HubSpot original source is sometimes incorrectly attributed to SSO provider
Our web application uses SSO (with choices including Google sign-in and Github sign-in) for new user sign-up, and uses the HubSpot Forms API to create a new contact in HubSpot when a user signs up for our app. Sometimes (but not always), the original source on the HubSpot contact is incorrectly attributed to the SSO provider, eg, a referral from accounts.google.com.
More details on the standard flow we expect:
A user visits www.oursite.com, which is running the HubSpot tracking code
They click a link to sign up, which happens on the subdomain app.oursite.com. This page also runs the HubSpot tracking code, and per the docs, we do not need to enable cross-domain tracking to track users across multiple subdomains. I have confirmed that the hubspotutk cookie value is the same on both the www and app subdomains.
This page on app.oursite.com immediately redirects the user to an Auth0-controlled flow in which they can select Google, Github, or several other methods for authenticating.
After authenticating, the SSO provider (eg, accounts.google.com) will redirect back to app.oursite.com where the user can finish the sign-up flow. At the very end of the flow when an account is created in our database, we also submit a hidden form via the HubSpot API in order to create a contact.

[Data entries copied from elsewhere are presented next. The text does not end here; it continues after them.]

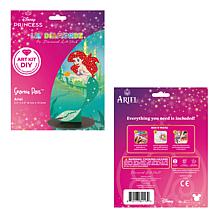 Diamond Art Club Disney Sparkle Pals Kit - Ariel and Ursula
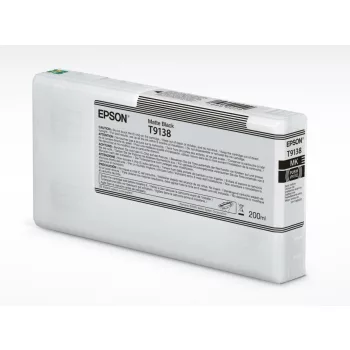 Epson T9138 Eredeti Tintapatron Matt Black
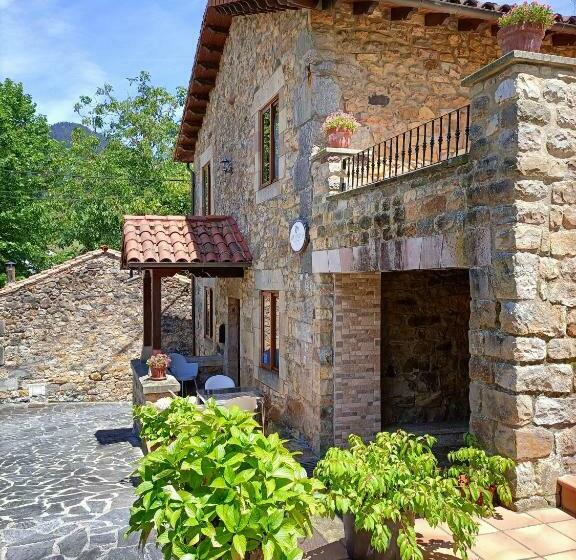 Апартаменты 1 Спальня Нижний Этаж, Apartamentos Rurales La Casa Vieja De Alceda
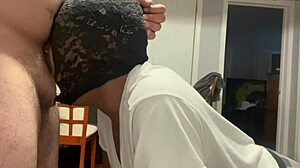 i drank my puke after that rough facefuck session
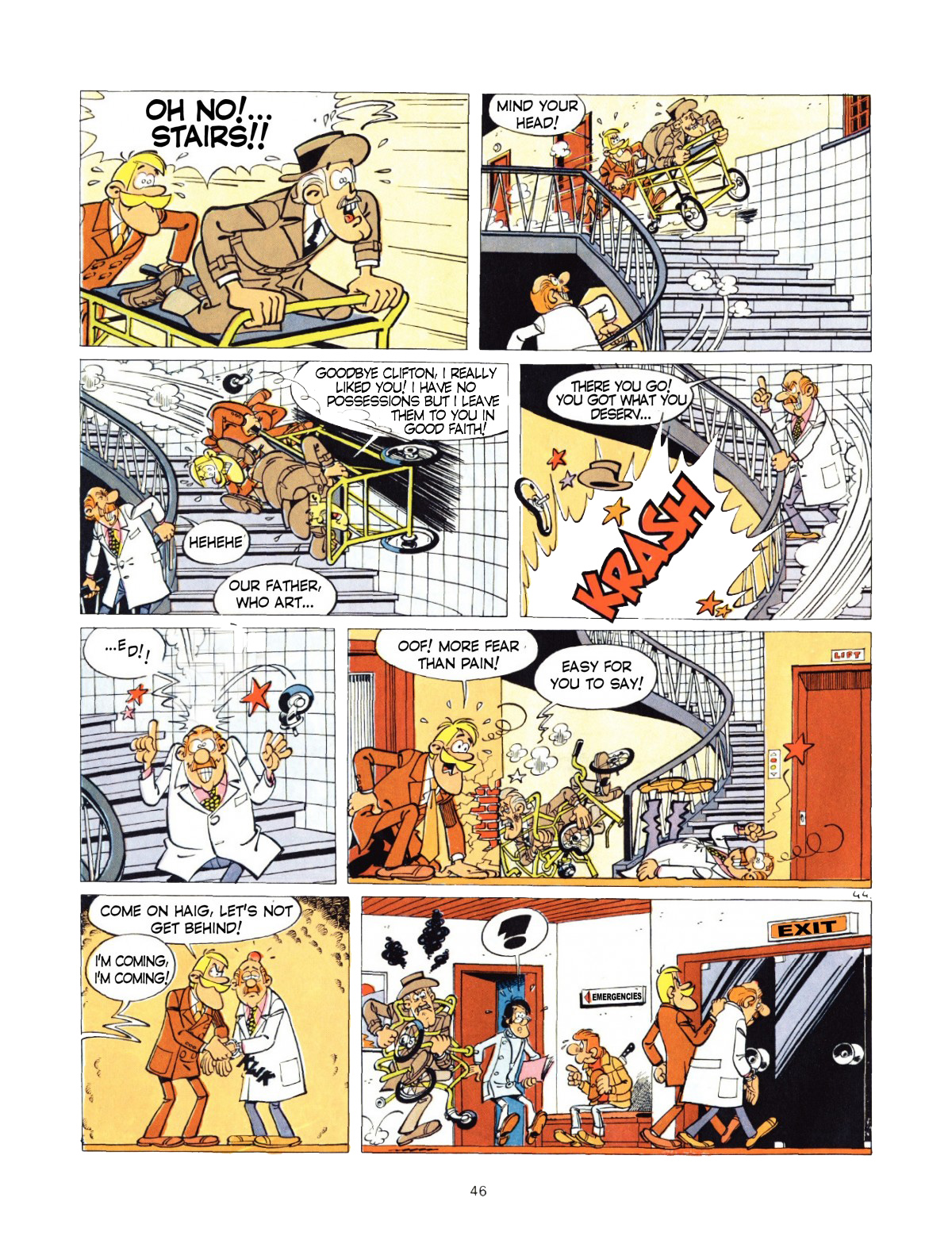 Read online Clifton comic -  Issue #1 - 48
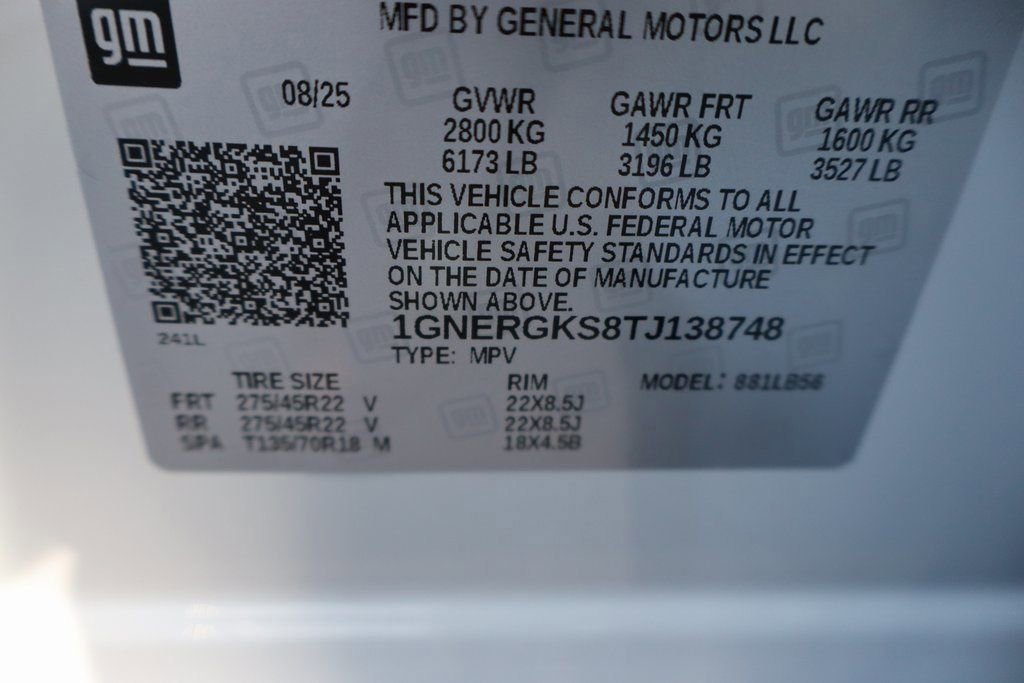 New 2026 Chevrolet Traverse LT w/ Driver Confidence Package image 25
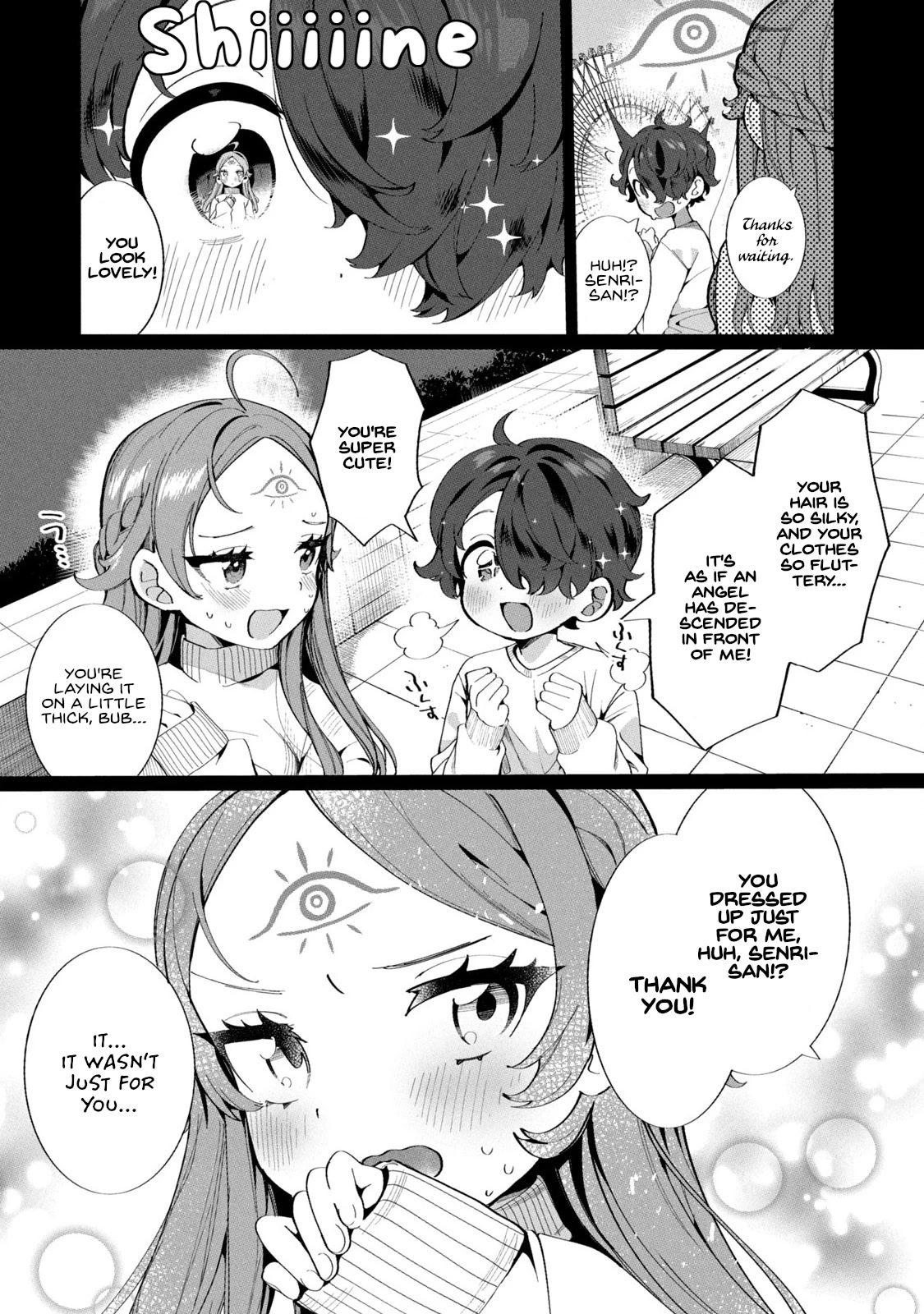 Love, Clairvoyance, and Adolescents Chapter 2 - Page 4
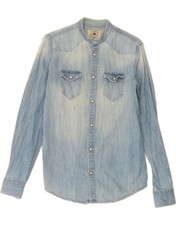 ZARA Mens Denim Shirt Small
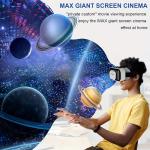 🥽 نظارة الواقع الافتراضي VR SHINECON 3D 🌟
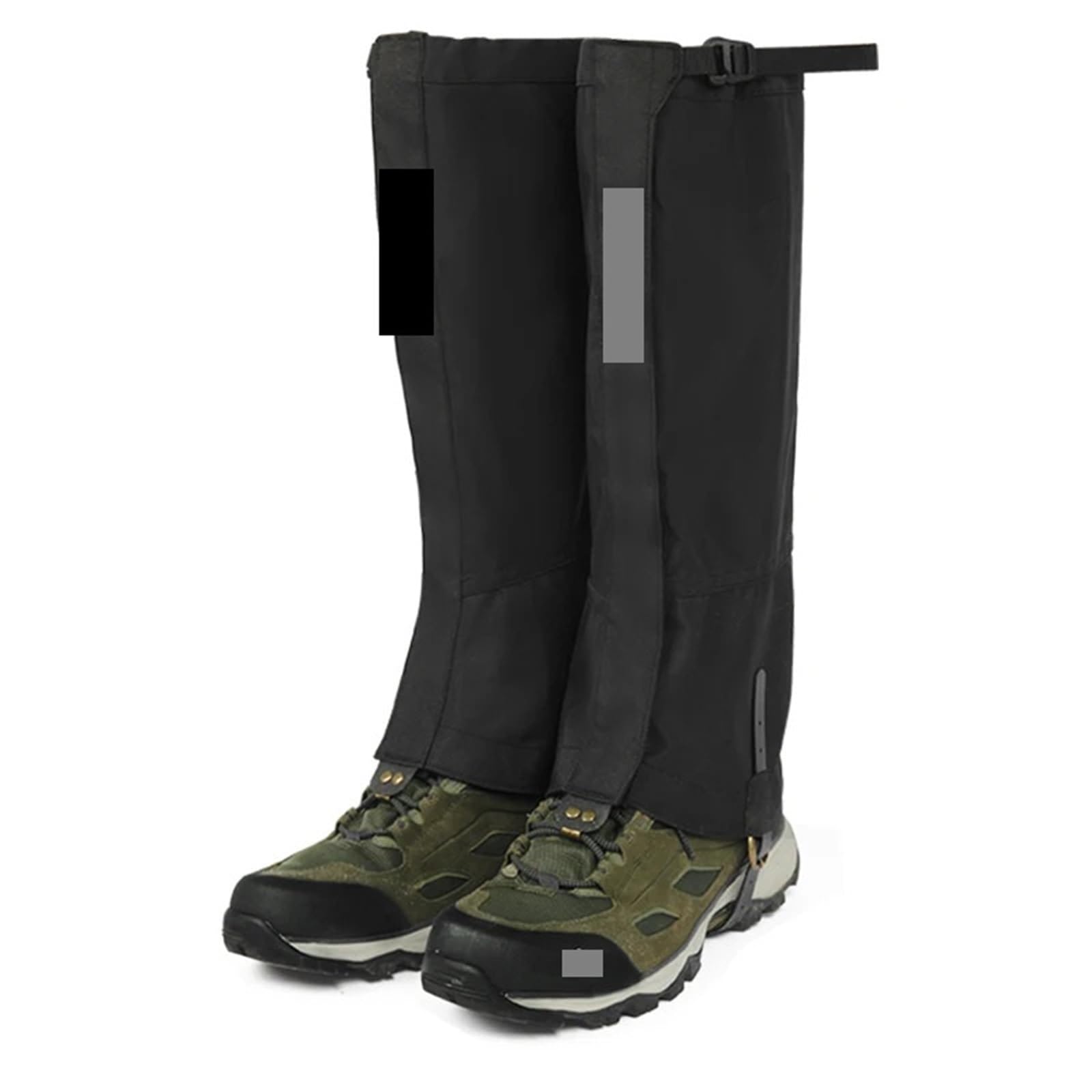 Cubiertas for zapatos, cubierta impermeable for pies de nieve for acampar al aire libre, senderismo, escalada, zapato más cálida para Protección
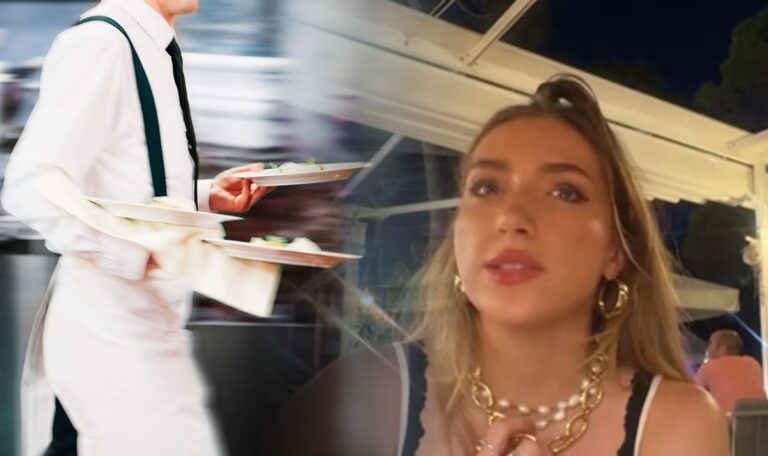 Frauen essen nicht“ – Sexistischer Kellner sorgt für Aufregung (VIDEO)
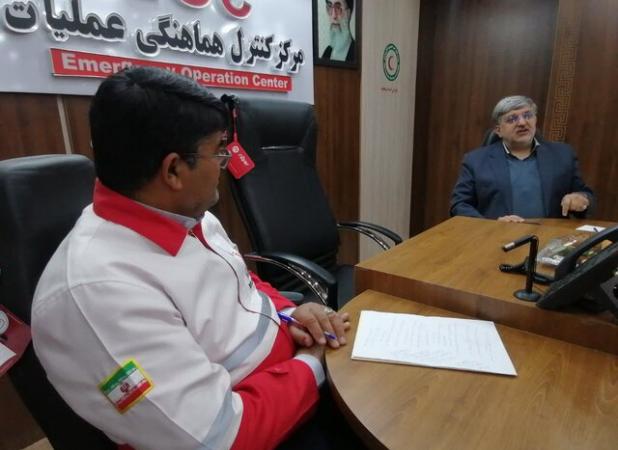 امدادگران هلال‌احمر سفیران فرهنگ رضوی/ برگزاری جشنواره خاطره‌نویسی امدادی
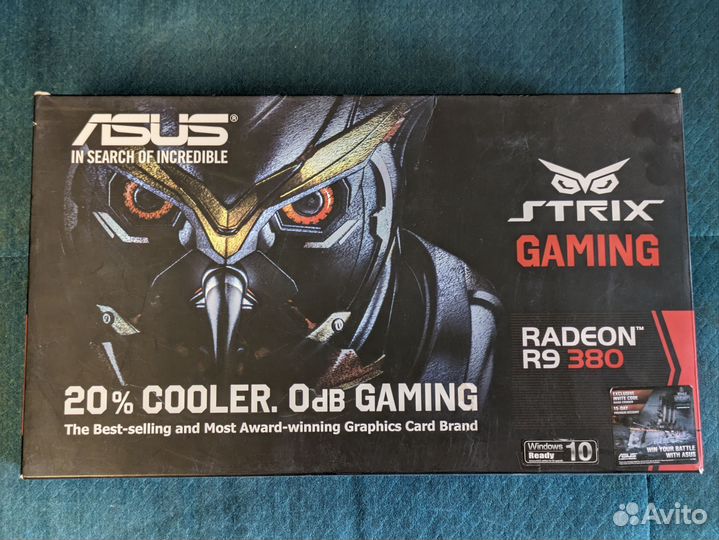 Видеокарта Asus Radeon R9 380 Strix Gaming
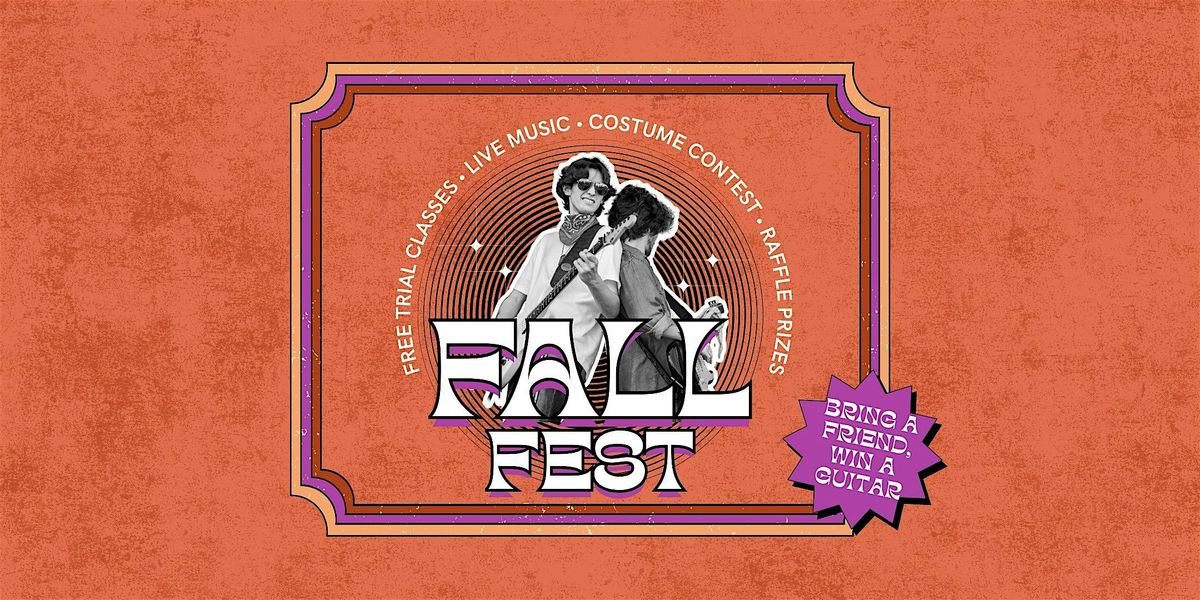 Fall Fest Event in Lafayette, LA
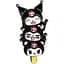Значок Хеллоу Кітті Куромі Hello Kitty Kuromi P HK K 02 - мініатюра 1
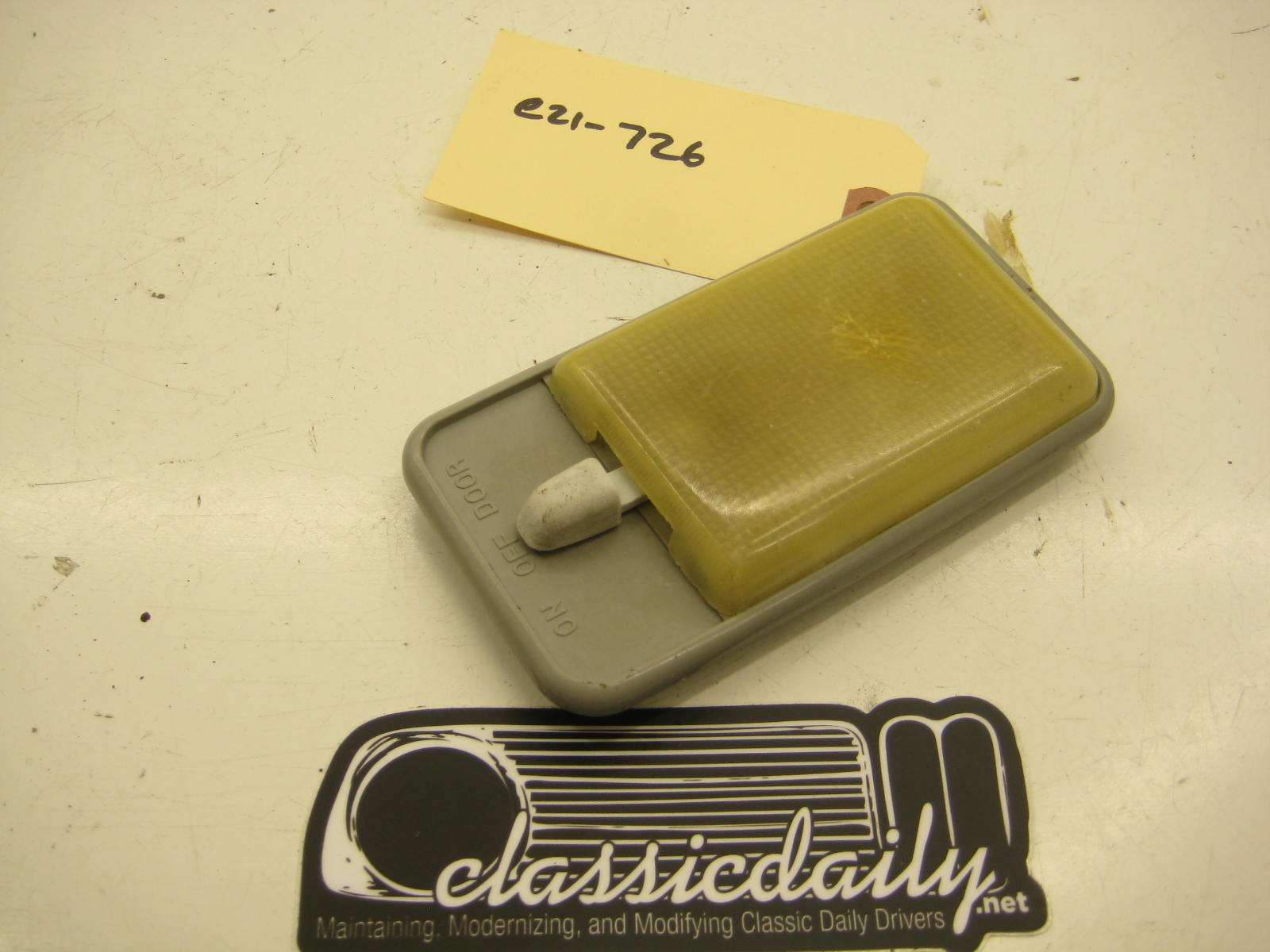 bmw e21 320 hard top roof dome light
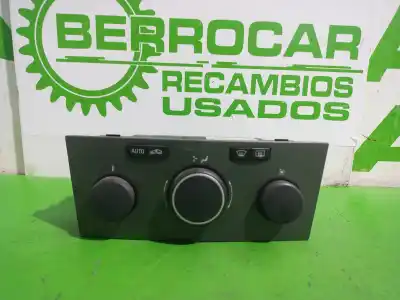 Peça sobressalente para automóvel em segunda mão comando de sofagem (chauffage / ar condicionado) por opel zafira b cosmo referências oem iam 13168100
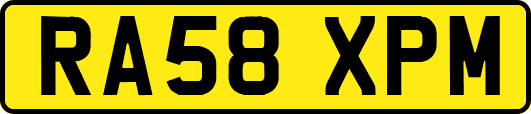 RA58XPM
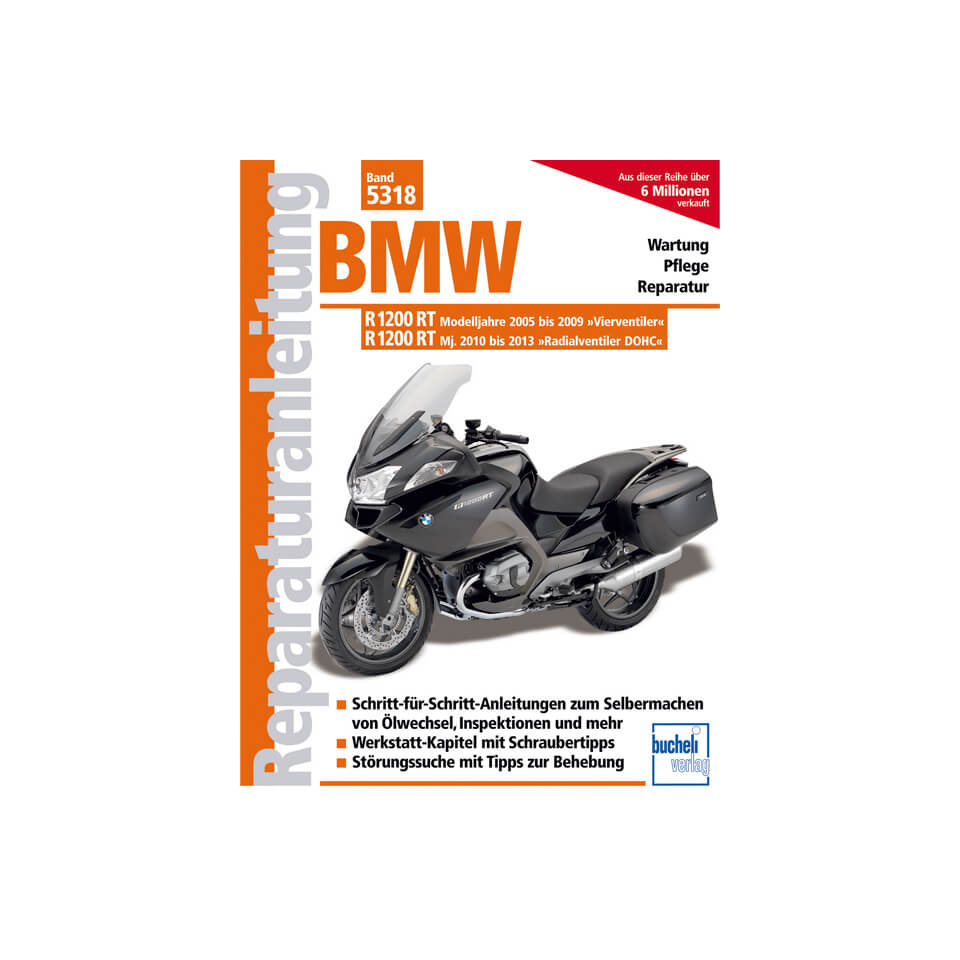 motorbuch Repair manual BMW R 1200 RT 2005-2013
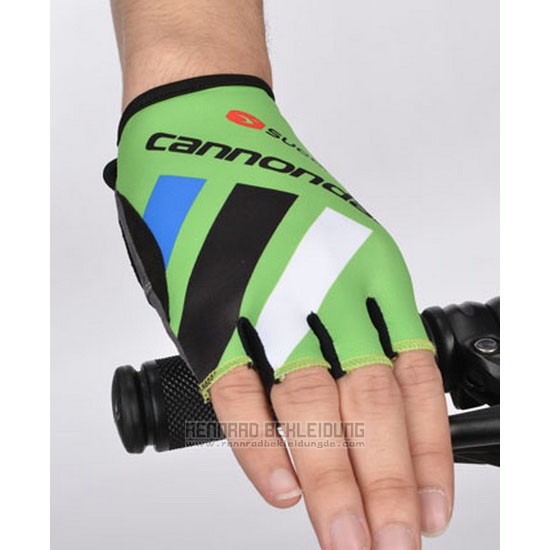 2014 Cannondale Handschuhe Radfahren Grun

Looking at the contacts actually created through this flow, many of them have their original source set correctly, to values such as "Direct traffic," "Organic Social," and "Organic search."
Let's pick as one example a contact whose original source is "Organic Social" and the drill-down 1 is "Reddit." Based on the docs, this value either came from utm_medium or from the referrer. We log UTM parameters, and our logging shows that no UTM parameters were set for this user. Therefore, I must assume that HubSpot correctly identified that the referrer was reddit.com. This agrees with our own logging, which shows that the path this user took was reddit.com -> www -> app -> sign up -> back to app. This seems correct to me.
We also have several contacts created through this flow whose original source is "Direct traffic" with a drill-down indicating that the referrer was our own site (in some cases a www page, in some cases a page on the app subdomain), and contacts whose source is "Referrals" with a drill-down indicating that the referrer is a third party site. This also seems correct to me, and shows that HubSpot is sometimes using the referrer value from steps 1-3 when calculating original source.
However, there are additionally several contacts created through this flow whose original source is "Referrals" with a drill-down of "accounts.google.com." There is a part in our flow where the user (if they SSO with Google) will have a referrer of accounts.google.com; this is in step 4 of the flow I described above. What I do not understand is why sometimes HubSpot ignores the Google SSO referrer and categorizes contacts as "Direct traffic," and other times uses this referrer to categorize contacts as "Referrals."
How does HubSpot decide which referrer to use? There are 3 referrers in this flow (the referrer for when the user first visits www in step 1, the referrer for when the user first visits our app subdomain in step 2, and the referrer when the user finishes authenticating in step 4), and HubSpot seems to use each of these 3 somewhat randomly/indiscriminately. Why is this inconsistent, and is there a way to control which of these referrers we use?
Alternatively, is there a way to potentially exclude accounts.google.com as a valid referrer? (Exclude traffic from IP addresses or referrers comes close to doing this, but won't work for us because we do still want form submissions originating from this domain to be recorded, we just want them recorded with a different referrer value.)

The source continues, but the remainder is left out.